For once, it won't be a team from the Northeast involved, nor will it be the money pit that has developed in Los Angeles.
According to Scott Miller of CBS Sports, the Rays sent starting pitchers James Shields and Wade Davis to the Rays in exchange for prospects Wil Myers, Jake Odorizzi, Mike Montgomery and Patrick Leonard.
Truly, this move shouldn't come as a complete surprise. Just a few short days ago it was rumored that the Rays and Royals were in talks for a Myers-for-Shields trade, as reported by Bob Dutton of the Kansas City Star.
The Royals should be applauded for their efforts in fielding a contending team, sacrificing a portion of their otherwise deep farm system.
As of yesterday at this time, it appeared that the team would start the season with Ervin Santana as its ace, with Bruce Chen, Jeremy Gutherie and Luke Hochevar in the mix.
By adding Shields and Davis, the Royals managed to procure two fifths of their starting five rotation without giving up a single Major League talent.
Sure, you can make the argument that Myers may be ready, but he is not an everyday player yet.
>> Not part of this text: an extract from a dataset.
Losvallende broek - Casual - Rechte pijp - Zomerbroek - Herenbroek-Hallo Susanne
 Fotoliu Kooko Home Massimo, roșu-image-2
As Ken Rosenthal of Fox Sports points out, you can't call him Wil(lie) Mays just yet.
The 2012 incarnation of the Royals posted a record of 72-90—their ninth straight sub .500 season.
Their pitching staff was led by Chen, who posted a record of 11-14 with a 5.07 ERA. While Gutherie came on strong during his time in Kansas City, he hadn't established himself as the ace the team needed per se.
The Rays, who finished 90-72 last season, ship over Shields, who owned a 15-10 record; and Davis, who owned a 3-0 record and a low 2.43 ERA in 54 games.
Additionally, the Royals have been watching some of its homegrown talent flourish (albeit at differing paces) in the form of first baseman Eric Hosmer, third baseman Mike Moustakas, DH Billy Butler and left fielder Alex Gordon.
The Royals finished seventh overall in 2012 in team batting average but 20th in runs scored offensively.
The Rays had the best team ERA in baseball with a 3.19. The Royals were 23rd with their 4.30.
Without stretching their budget too thin, the Royals have managed to put together a solid, seemingly balanced team.
With the addition of such quality starting pitching and anticipated development of Hosmer and Moustakas specifically, the Royals may have positioned themselves to be the 2013 version of the Baltimore Orioles or Oakland Athletics.
While it is hard to immediately label them contenders, I don't quite view them as pretenders. Purely on paper, it is fair enough to assume that they'll be significantly better than last season.
Likely, they'll end their consecutive losing season streak at nine and finish .500 or better this year. That being said, if they aren't truly contenders down the stretch, the Kansas City Royals will be a team you won't want to play while vying for a playoff spot.